Es obvio que los votantes del candidato republicano no prestaron mucha atención a esas recomendaciones.

La discusión sobre la postverdad se vio acompañada en la campaña por la polémica de las ‘fake news’, noticias falsas que la gente comparte gracias fundamentalmente a Facebook. Varios artículos han demostrado que su origen está en una perversa variante del libre mercado. Hay demanda en EEUU para ciertas ‘noticias’ y desde varios países de Europa del Este unos cuantos emprendedores (pocas veces ha resultado tan adecuada esta palabra) ganaban mucho dinero produciéndolas. A veces, se las inventaban; a veces, utilizaban artículos de otras webs y los manipulaban para lograr el efecto deseado en los lectores.

factwarstimecoverEsa demanda existe desde hace tiempo entre votantes conservadores en EEUU que hace tiempo que desconfían de los grandes medios norteamericanos. La oferta es nueva, pero ha resultado mucho más efectiva que la dieta informativa que facilita cada día Fox News.
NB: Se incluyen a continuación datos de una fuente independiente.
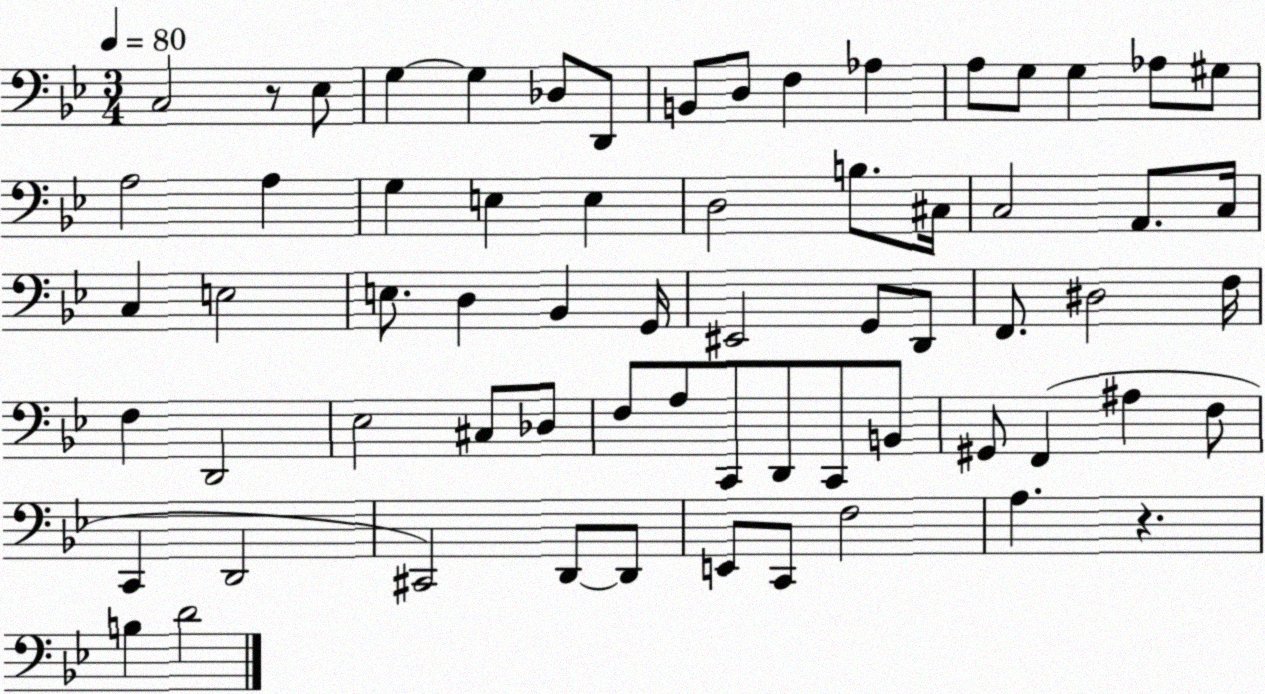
X:1
T:Untitled
M:3/4
L:1/4
K:Bb
C,2 z/2 _E,/2 G, G, _D,/2 D,,/2 B,,/2 D,/2 F, _A, A,/2 G,/2 G, _A,/2 ^G,/2 A,2 A, G, E, E, D,2 B,/2 ^C,/4 C,2 A,,/2 C,/4 C, E,2 E,/2 D, _B,, G,,/4 ^E,,2 G,,/2 D,,/2 F,,/2 ^D,2 F,/4 F, D,,2 _E,2 ^C,/2 _D,/2 F,/2 A,/2 C,,/2 D,,/2 C,,/2 B,,/2 ^G,,/2 F,, ^A, F,/2 C,, D,,2 ^C,,2 D,,/2 D,,/2 E,,/2 C,,/2 F,2 A, z B, D2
Esa combinación de postverdad y ‘fake news’ ofrece un panorama sombrío para las democracias occidentales. Es también cualquier cosa menos nuevo. Y las fuentes no son siempre aquellas en que están pensando los que denuncian alarmados este panorama.

The Economist dio antes del referéndum italiano un buen ejemplo de postverdad. En un editorial, criticó los planes de Matteo Renzi y pidió el voto negativo en la consulta (que terminó triunfando por una amplia mayoría). Todos los partidos de la oposición, de diferentes ideologías, pedían el no, por lo que la postura de la revista no debe extrañar. Son los argumentos los que chirrían.

The Economist está a favor de reformas institucionales en Italia, pero no las que propuso Renzi. Pero, como explica este artículo, confunde esa reforma constitucional ahora fracasada con el sistema electoral, abunda en estereotipos típicos sobre Italia («el país que produjo a Benito Mussolini y Silvio Berlusconi»), comete errores de bulto (sobre la inmunidad de los senadores y sobre la posibilidad de que Beppe Grillo se convierta en primer ministro; no puede), y dice que la idea de que futuros senadores procedan no del voto directo, sino de las asambleas regionales «ofende los principios democráticos». Esto último sería toda una sorpresa para los alemanes, por el método de elección del Bundesrat, por no hablar del país donde se publica The Economist que cuenta con una segunda institución legislativa llamada la Cámara de los Lores, cuyos miembros son designados por el Gobierno.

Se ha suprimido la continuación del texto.